[Start of section]

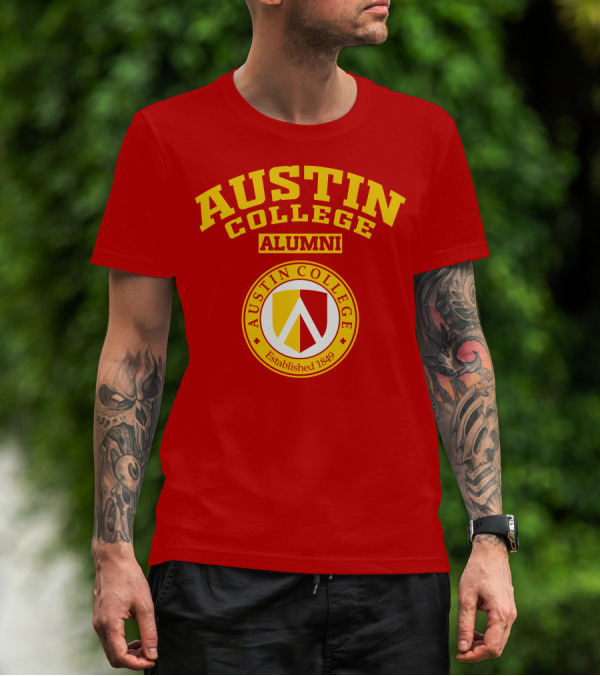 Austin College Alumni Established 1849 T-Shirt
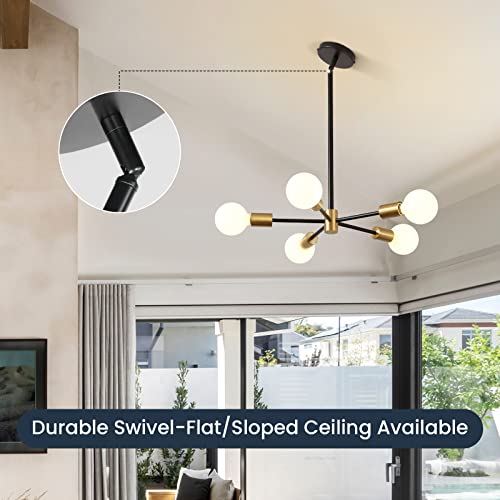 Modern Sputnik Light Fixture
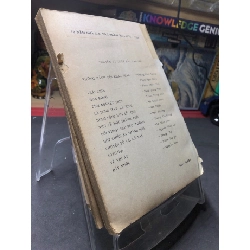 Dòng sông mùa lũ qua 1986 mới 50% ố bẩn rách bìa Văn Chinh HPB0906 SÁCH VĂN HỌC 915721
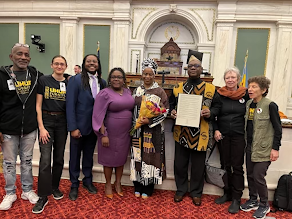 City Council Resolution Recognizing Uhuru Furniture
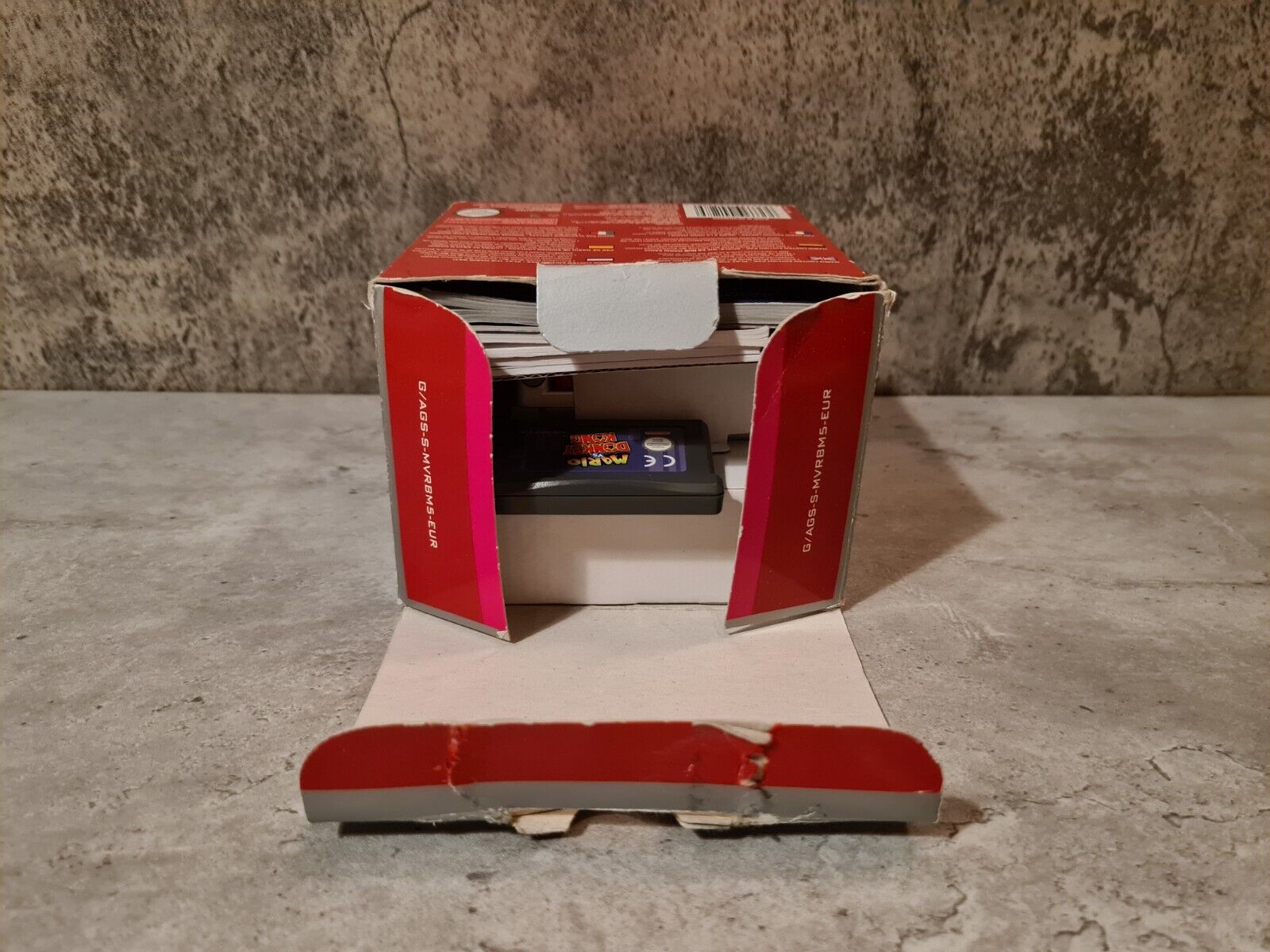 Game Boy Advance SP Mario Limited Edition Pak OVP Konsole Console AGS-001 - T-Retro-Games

[End of section]

→ **The problem**
If a line holds an image, leave the image out; retype everything else in the entries exactly.

→ **Result of the exercise**
 Austin College Alumni Established 1849 T-Shirt
 Modern Sputnik Light Fixture
 Dòng sông mùa lũ qua 1986 mới 50% ố bẩn rách bìa Văn Chinh HPB0906 SÁCH VĂN HỌC 915721
 City Council Resolution Recognizing Uhuru Furniture
 Game Boy Advance SP Mario Limited Edition Pak OVP Konsole Console AGS-001 - T-Retro-Games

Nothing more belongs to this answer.